1.Dosya kapsamının birlikte değerlendirilmesiyle yapılan inceleme sonucunda, uyuşmazlığa uygulanması gereken hukuk kurallarına göre, davalı ...'nin tüm, davacının aşağıdaki bentlerin kapsamı dışında kalan ve yerinde olmayan sair temyiz itirazlarının reddi gerekir.

2. Davacı yan, dava dilekçesiyle, ... A.Ş. ile arasındaki sözleşmenin feshini, ödenen bedelden şimdilik 10.000,00 TL ile, dairenin süresinde teslim edilmemesinden dolayı 1.000,00 TL kira bedelinin davalılardan müştereken ve müteselsilen tahsilini, 20.000,00 TL manevi tazminata hükmedilmesine karar verilmesini talep etmiştir.

3.Mahkemece; davacı yanın dava dilekçesiyle 10.000,00 TL sözleşme kapsamında ödenen bedel, 1.000,00 TL kira tazminatı ile 20.00,00 TL manevi zarar talep edildiği, zamanaşımı süresinin 17/08/2011 tarihinden itibaren 10 yıl olup bu sürenin 17.08.2021 tarihi itibariyle dolduğu, sözleşme bedelinin dava tarihi itibariyle belirlenebilir olup sözleşme bedelinden 10.00,00 TL talep edilmekle buna ilişkin davanın kısmi dava niteliğinde olduğu, kısmi davada alacağın kalan bölümünün de talep edilen alacağa yönelik zamanaşımı ile sınırlı olduğu, davacı tarafça her ne kadar sözleşme bedelinden arta kalan kısım yönünden 02.09.2021 tarihinde ıslah dilekçesi sunmuş ise de; ıslah ile artırılan miktar yönünden zamanaşımı süresinin dolmuş olduğu ve davalı tarafından zamanaşımı itirazında bulunulduğu, bu nedenle zamanaşımına uğramayan dava dilekçesindeki talep yönünden karar verilmesi gerekçesiyle; davanın kısmen kabul kısmen reddine, davacı ile ... İnşaat Sanayi ve Ticaret A.Ş arasında düzenlenen sözleşmenin feshine, 10.000,00 TL sözleşme bedelinin dava tarihinden itibaren işleyecek yasal faiziyle birlikte davalılardan müştereken ve müteselsilen tahsili ile davacıya verilmesine, ıslah ile artırılan fazlaya ilişkin istemin reddine karar verilmiştir.
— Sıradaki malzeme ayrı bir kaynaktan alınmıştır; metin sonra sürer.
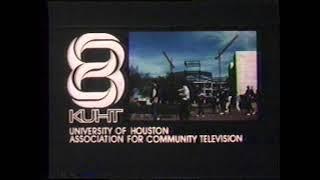 KUHT-TV - Program Change - 1986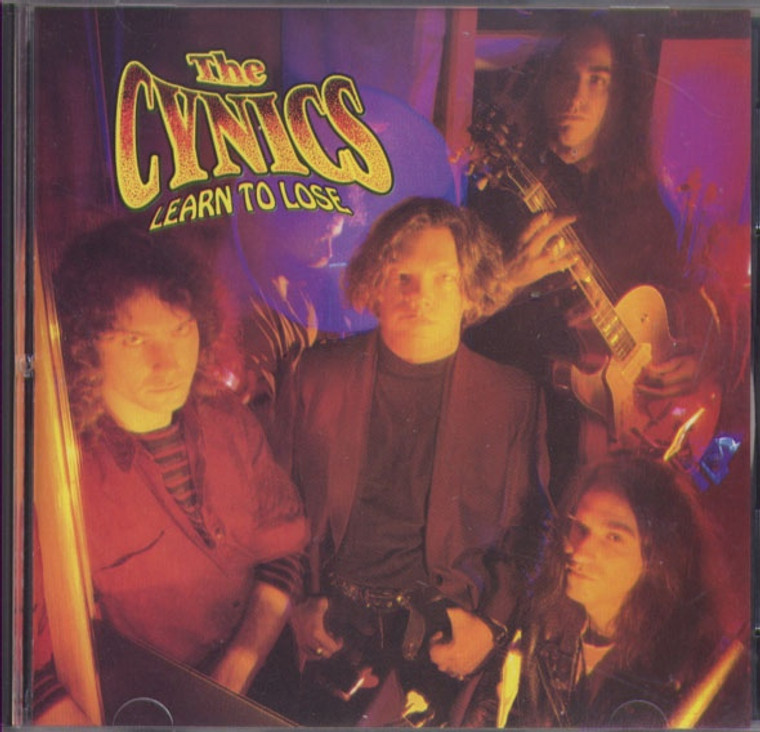 CYNICS  - Learn To Lose  ( 60s style garage )-   CD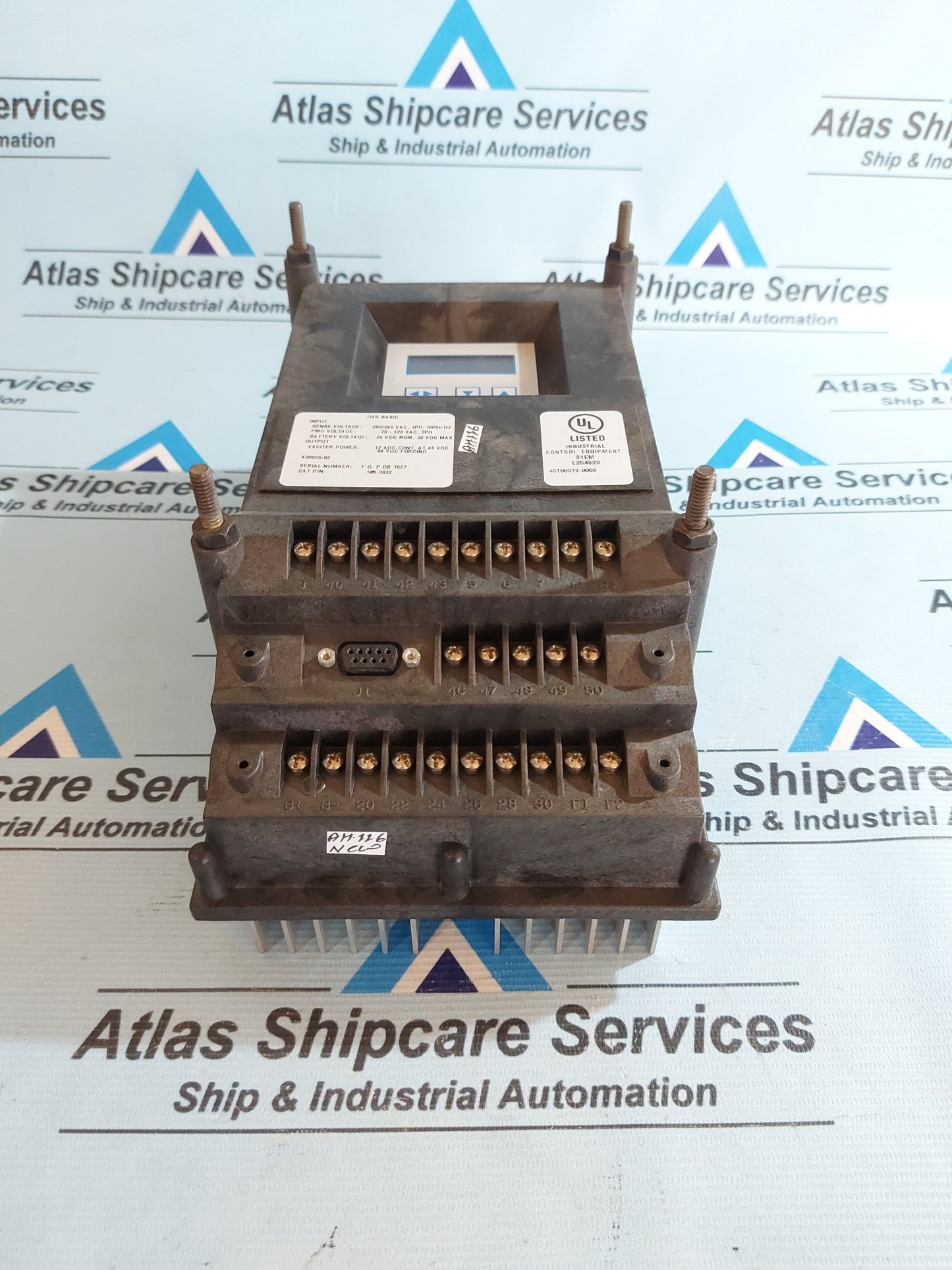 CATERPILLAR 155-3832 VOLTAGE REGULATOR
4.TBK 146 ncı maddesi gereği dava konusu alacak on yıllık zamanaşımına tabi olduğuna göre, davalılar Meram Belediyesi ile ... A.Ş arasındaki sözleşmenin feshedildiği ve ifanın imkansızlaştığı 17.08.2011 tarihinden itibaren, 10 yıllık zamanaşımı süresi işlemeye başlayacaktır. Davacı yan, 02.09.2021 tarihli dilekçesiyle, ödenen bedel olarak 10.000,00 TL yönünden talebini, 140.000,00 TL olarak ıslah etmiş olup; bu ıslaha karşı davalı ..., ıslah edilen kısım yönünden zamanaşımı def'inde bulunmuştur. Buna rağmen, diğer davalıların bu yönde bir itirazının olmadığı dosya kapsamından anlaşılmıştır.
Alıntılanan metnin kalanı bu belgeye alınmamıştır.